ASSIGNMENT
Set down exactly, from the records below, the line with "Dual-Texture Crystal-Edge Slim" through the line with "132 - A Pair", and nothing else.

EXERCISE MATERIALS

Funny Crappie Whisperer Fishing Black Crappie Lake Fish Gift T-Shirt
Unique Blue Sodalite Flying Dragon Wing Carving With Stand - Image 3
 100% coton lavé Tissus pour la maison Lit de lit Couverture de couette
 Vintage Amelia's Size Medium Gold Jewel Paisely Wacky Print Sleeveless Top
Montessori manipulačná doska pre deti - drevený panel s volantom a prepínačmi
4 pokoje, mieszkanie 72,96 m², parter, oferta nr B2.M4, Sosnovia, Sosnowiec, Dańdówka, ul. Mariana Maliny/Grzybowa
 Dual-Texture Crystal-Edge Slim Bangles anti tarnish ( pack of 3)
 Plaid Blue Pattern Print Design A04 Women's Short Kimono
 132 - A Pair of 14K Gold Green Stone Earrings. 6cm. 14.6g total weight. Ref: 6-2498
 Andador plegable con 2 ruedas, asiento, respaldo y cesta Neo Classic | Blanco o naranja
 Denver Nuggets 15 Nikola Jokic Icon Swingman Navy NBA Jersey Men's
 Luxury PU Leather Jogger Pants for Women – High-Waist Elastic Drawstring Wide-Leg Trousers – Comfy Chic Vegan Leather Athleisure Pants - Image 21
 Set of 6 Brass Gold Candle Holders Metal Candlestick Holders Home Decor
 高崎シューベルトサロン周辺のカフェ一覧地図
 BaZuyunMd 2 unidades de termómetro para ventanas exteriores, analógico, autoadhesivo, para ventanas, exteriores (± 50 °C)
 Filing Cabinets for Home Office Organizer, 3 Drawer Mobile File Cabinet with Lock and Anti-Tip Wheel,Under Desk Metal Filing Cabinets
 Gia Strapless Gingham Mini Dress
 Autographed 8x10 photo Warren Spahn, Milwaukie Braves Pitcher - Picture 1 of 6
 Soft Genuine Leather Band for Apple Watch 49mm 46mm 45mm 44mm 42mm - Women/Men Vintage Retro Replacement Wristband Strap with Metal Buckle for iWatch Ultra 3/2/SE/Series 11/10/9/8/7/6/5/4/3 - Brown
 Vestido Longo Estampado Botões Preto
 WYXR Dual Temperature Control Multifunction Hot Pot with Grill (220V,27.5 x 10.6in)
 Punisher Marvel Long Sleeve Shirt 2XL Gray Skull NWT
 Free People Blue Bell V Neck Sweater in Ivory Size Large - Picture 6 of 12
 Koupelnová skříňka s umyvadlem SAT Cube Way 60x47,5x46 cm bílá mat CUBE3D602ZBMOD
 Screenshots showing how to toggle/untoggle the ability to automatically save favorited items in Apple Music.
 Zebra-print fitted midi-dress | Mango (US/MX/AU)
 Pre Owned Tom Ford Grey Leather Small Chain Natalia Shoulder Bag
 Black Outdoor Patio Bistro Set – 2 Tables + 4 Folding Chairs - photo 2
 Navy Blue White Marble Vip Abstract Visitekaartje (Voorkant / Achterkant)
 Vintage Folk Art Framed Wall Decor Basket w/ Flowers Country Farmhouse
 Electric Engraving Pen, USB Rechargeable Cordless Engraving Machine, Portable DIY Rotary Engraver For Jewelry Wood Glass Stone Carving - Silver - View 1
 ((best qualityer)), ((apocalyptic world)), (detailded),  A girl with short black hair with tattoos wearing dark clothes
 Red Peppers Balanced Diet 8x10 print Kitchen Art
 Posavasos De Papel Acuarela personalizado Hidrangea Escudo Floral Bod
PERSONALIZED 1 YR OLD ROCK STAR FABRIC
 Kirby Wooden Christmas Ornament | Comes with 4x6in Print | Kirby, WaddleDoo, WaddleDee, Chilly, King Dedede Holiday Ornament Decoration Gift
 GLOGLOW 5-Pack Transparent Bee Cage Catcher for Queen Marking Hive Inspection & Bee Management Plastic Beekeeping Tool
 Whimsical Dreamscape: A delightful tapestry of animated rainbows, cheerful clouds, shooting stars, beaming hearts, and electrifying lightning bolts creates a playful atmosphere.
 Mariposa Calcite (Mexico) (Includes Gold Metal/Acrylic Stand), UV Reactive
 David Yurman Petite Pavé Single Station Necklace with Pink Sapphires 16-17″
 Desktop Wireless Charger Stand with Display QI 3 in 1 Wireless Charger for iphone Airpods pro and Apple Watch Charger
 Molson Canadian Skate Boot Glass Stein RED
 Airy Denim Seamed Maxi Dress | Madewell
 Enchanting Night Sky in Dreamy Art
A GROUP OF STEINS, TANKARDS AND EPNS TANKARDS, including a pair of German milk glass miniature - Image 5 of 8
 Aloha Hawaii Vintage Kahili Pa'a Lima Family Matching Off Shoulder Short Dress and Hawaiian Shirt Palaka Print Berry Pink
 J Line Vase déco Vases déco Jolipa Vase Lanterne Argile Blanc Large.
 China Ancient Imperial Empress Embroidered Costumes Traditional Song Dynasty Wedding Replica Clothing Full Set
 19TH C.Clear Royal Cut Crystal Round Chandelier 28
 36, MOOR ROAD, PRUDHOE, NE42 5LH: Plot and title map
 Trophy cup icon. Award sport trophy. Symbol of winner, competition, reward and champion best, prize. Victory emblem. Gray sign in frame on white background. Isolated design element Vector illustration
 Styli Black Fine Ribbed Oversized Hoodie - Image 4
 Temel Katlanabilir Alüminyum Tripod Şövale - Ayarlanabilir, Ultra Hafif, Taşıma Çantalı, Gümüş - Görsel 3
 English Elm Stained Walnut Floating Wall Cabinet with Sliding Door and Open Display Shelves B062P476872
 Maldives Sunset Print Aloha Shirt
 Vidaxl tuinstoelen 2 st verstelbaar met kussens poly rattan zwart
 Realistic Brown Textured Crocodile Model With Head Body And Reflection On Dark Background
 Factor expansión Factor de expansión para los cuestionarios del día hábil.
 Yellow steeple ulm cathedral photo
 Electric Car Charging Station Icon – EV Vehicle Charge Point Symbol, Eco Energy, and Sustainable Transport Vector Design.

RESPONSE BOX
 Dual-Texture Crystal-Edge Slim Bangles anti tarnish ( pack of 3)
 Plaid Blue Pattern Print Design A04 Women's Short Kimono
 132 - A Pair of 14K Gold Green Stone Earrings. 6cm. 14.6g total weight. Ref: 6-2498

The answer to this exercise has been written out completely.